- [PROBLEM TO SOLVE] Set down all of the data exactly. Pictures stay out of the copy.
INFORMATION SHOWN Start Marker
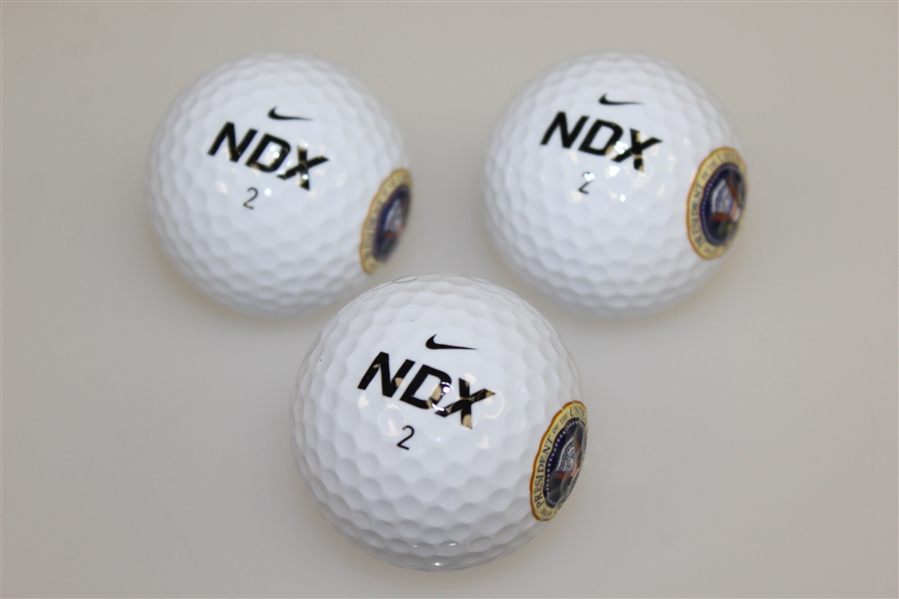 Three Presidential Seal George Bush Facsimlie Signed NDX Golf Balls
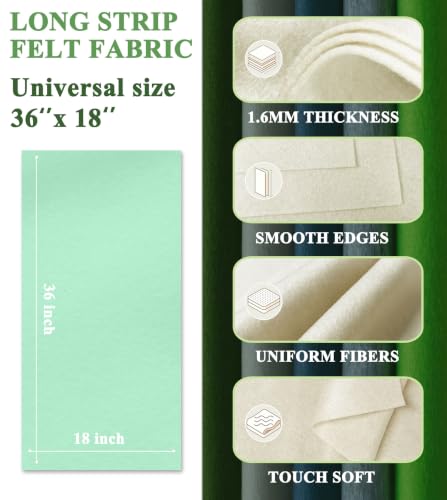 Pastel Green Felt Fabric 36" X 18" 1.6mm Thick Soft Half Square Felt Sheet - color: Pastel Green, size: 36'' x 18''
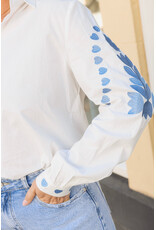 21Jewelz Blouse met blauw borduursels - wit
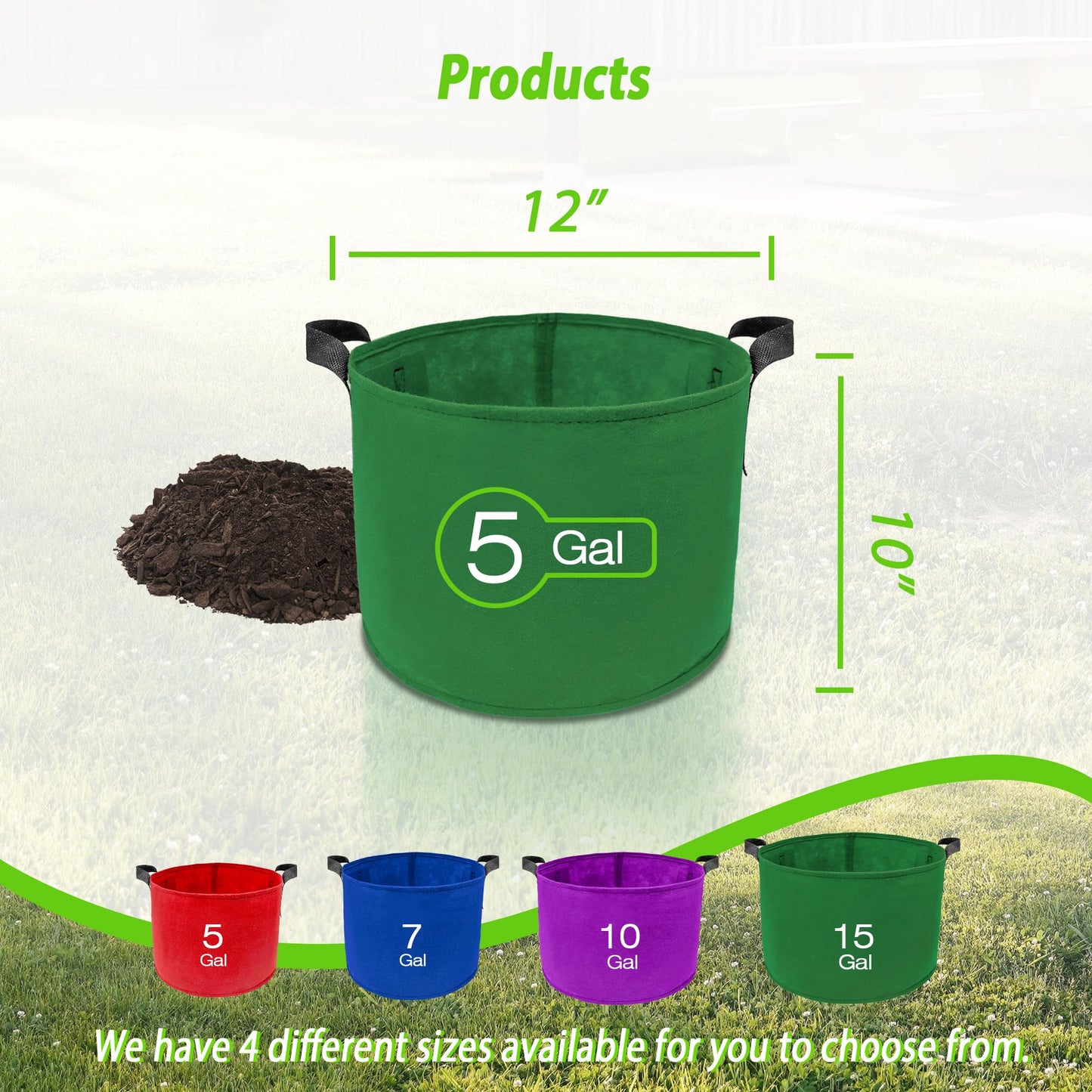 7 Pack 5 Gallon Plant Grow Bags - Mixed 7 Colors with Reinforced Handles & Aeration Design, Ideal for Tomato, Flowers & Fruits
INFORMATION SHOWN End Marker
- [RESULT OF THIS TASK]
 Three Presidential Seal George Bush Facsimlie Signed NDX Golf Balls
 Pastel Green Felt Fabric 36" X 18" 1.6mm Thick Soft Half Square Felt Sheet - color: Pastel Green, size: 36'' x 18''
 21Jewelz Blouse met blauw borduursels - wit
 7 Pack 5 Gallon Plant Grow Bags - Mixed 7 Colors with Reinforced Handles & Aeration Design, Ideal for Tomato, Flowers & Fruits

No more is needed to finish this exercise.